1
$\begingroup$

I remember reading that 'the next number in a sequence of numbers can be anything. It is all about finding the a relation between previous numbers such that the required number becomes next in sequence'.

For e.g: take the sequence 3,5,7...

  1. The next number can be 9, if we look at the sequence as A.P with common difference of 2.
  2. The next number can be 11, if we look at the sequence as sequence of prime numbers...

Basically it can be anything, if we can think of a relationship between the numbers...

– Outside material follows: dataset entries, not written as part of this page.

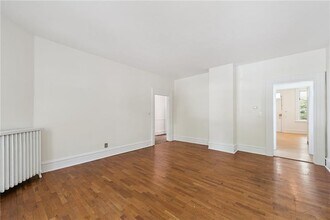 108 S St Clair St in Ligonier, PA - Building Photo - Building Photo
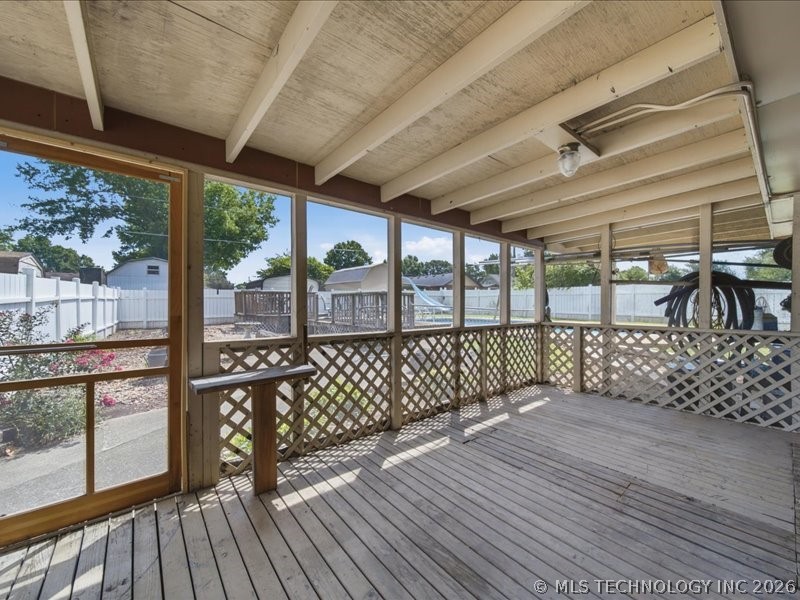 25 Village Circle Property Photo 38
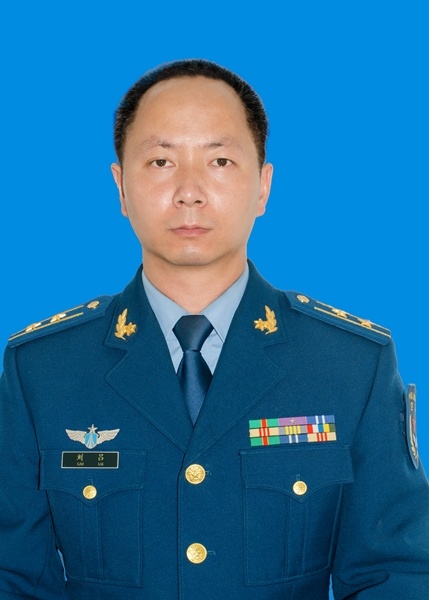 出生,1998年08月入伍,2002年06月入党,本科学历,空军专业技术中校军衔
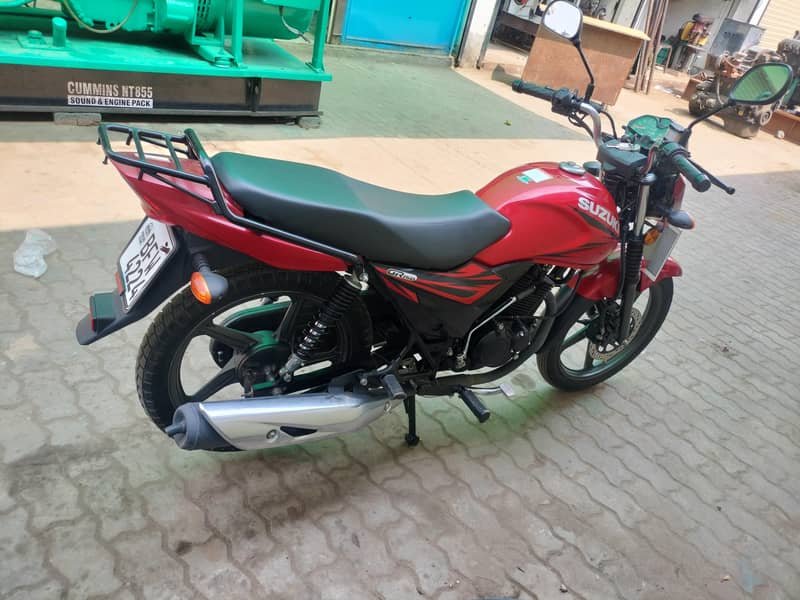 SUZUKI 3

I can't remember the name of the paradox. Can somebody help me?

Thanks, tecMav.

  • 0
    Maybe you want to read about "Lawlike and lawless sequences", "Random Sequences" and "Choice Sequences" to find your paradox name. However, those terms refer to solid facts.2012-11-01

2 Answers 2

2

Among all "programs" producing an infinite sequence with the given beginning there is a shortest one. Occam's razor tells you to use this program in order to produce the next term in the sequence.

  • 0
    And a minor point: Only computable sequences can be produced by programs, so Kolmogorov complexity doesn't apply to non-computable sequences. And only definable sequences can be subject to Occam's razor, so Occam's razor doesn't apply to non-definable sequences.2014-06-06
0

What Mark Bennet,xavierm02 and in a different way André Nicolas are saying is that whatever the next term in the sequence is, there is a relation that gives you that first terms of the sequence (this relation can be (a Lagrange) polynomial $f(n)$).

For example suppose that you have the sequence $3,5,7,\ldots .$ The next term can be $100$ and the relation giving your sequence can be $f(n)$ with $f=\frac{91}{6}x^3-91x^2+\frac{1013}{6}x-90$.